La Turquie est aussi dans un rapprochement intéressant. Les ministres turcs se sont rendus à Belgrade pour clarifier leurs positions concernant le gazoduc « Turkish stream » qui, même s’il venait à éviter la Serbie dans son parcours central, pourrait être lié par des ramifications. Tomislav Nikolić a aussi accéléré les rencontres au plus haut niveau avec le groupe de Višegrad, recevant en début 2017 le Premier ministre tchèque. Enfin la Serbie est devenue la tête de pont de la Chine aux confins de l’Union européenne. On ne compte plus les accords commerciaux et logistiques qui lient les deux pays. Et depuis début février 2017 les Chinois n’ont plus besoin de visa pour venir travailler ou séjourner en Serbie !

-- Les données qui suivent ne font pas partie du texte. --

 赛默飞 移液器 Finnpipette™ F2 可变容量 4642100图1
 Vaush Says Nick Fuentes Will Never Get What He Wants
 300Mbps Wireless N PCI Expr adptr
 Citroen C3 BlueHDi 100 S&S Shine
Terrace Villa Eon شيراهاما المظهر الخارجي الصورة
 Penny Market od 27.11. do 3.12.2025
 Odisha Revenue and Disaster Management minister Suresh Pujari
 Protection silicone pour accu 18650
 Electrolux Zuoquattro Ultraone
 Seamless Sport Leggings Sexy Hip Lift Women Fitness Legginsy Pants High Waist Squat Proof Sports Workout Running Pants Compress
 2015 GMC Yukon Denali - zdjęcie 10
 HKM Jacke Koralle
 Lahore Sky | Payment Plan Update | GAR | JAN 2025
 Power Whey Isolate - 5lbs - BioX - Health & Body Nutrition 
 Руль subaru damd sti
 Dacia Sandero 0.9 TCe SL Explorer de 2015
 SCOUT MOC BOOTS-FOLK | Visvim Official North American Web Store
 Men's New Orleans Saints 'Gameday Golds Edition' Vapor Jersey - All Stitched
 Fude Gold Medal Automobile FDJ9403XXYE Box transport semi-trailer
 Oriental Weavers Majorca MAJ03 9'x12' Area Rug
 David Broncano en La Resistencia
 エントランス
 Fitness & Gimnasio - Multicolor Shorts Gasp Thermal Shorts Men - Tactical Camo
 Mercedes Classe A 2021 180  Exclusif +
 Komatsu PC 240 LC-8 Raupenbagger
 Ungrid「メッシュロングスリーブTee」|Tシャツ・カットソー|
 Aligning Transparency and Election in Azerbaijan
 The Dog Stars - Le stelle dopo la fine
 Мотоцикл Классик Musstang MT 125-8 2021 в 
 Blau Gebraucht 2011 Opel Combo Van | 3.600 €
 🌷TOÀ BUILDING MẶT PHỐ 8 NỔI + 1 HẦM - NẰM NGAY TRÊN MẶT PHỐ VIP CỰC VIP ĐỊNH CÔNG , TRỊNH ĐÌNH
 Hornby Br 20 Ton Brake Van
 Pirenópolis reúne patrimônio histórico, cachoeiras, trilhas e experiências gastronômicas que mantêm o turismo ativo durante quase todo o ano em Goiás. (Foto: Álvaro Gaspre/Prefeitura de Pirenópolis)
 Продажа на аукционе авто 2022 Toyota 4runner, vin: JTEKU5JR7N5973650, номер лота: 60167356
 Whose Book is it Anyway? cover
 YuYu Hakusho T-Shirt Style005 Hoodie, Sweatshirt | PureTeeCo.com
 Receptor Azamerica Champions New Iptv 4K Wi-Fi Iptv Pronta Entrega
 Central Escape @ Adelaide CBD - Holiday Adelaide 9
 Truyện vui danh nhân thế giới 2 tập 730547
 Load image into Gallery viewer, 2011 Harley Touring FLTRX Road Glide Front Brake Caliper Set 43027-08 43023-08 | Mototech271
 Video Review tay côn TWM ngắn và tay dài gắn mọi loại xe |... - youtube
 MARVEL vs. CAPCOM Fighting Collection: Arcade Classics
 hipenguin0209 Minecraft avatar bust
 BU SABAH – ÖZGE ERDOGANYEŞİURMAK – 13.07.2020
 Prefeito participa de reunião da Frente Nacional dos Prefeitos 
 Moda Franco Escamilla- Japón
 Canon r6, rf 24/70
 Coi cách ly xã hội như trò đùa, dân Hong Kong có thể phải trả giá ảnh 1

L’action du Président Nikolić en direction de l’apaisement régional

Tomislav Nikolić est Président de la Serbie depuis le 31 mai 2012. Ancien ingénieur ayant présidé aux destinées de la compagnie ferroviaire reliant Belgrade(Serbie) à Bar (Monténégro), Nikolić est rentré en politique à l’occasion des conflits yougoslaves. Dès 1991, il occupe la fonction de Vice-Président du Parti Radical Serbe, parti ultra-nationaliste dont la figure tutélaire, Vojislav Sešelj, est connue pour ses positions philorusses et anti-occidentales.

Après une période d’opposition virulente au Président yougoslave Slobodan Milošević (qui lui même valu un court passage en prison politique), Nikolić rentre, en tant que vice-Président, au gouvernement socialiste de Milošević dans un gouvernement de coalition socialiste/radical. Dans les années 2000, le radical Tomislav Nikolić parvient par deux fois au second tour des élections présidentielles, battu à chaque fois par le candidat libéral Boris Tadić. Cela explique en partie sa dispute avec Sešelj sur le choix européen : Nikolić claque la porte du Parti Radical en septembre 2008 pour créer, avec l’actuel Premier ministre Aleksandar Vučić, le Parti Progressiste serbe (SNS) , favorable à l’UE. C’est ce revirement, considéré de traîtrise par Vojislav Sešelj, qui va lui permettre d’être enfin élu à la Présidence de la Serbie en mai 2012.

Tomislav Nikolić est donc un des principaux instigateurs du l’ouverture des négociations d’adhésion de la Serbie à l’Union européenne. Au moment où la Serbie, contre de nombreux sacrifices, négocie ardemment son chapitre 25 sur 33 de l’adhésion définitive à l’UE prévue aux alentours de 2022, Nikolić se place comme un fervent défenseur de l’adhésion à la sphère de l’UE ; il se pose ainsi dans la droite ligne des occidentalistes qui depuis la renaissance de l’Serbie au XIX° siècle ont adhéré aux valeurs de liberté et de progrès.

Mais il est aussi un fervent partisan, contrairement à son premier ministre Aleksandar Vučić, d’un réchauffement des relations avec le grand frère russe ; Nikolić a amené la Serbie, ces deux dernières années à signer plusieurs accords militaires et commerciaux d’envergure avec la Russie, profitant notamment de la politique européenne de sanctions à l’encontre de la Russie, pour lui fournir des produits agricoles et minéraux.

La question est donc de savoir si la Serbie pourra longtemps mener cette politique de « neutralité », théorisée et défendue depuis 2012 par le président Nikolić.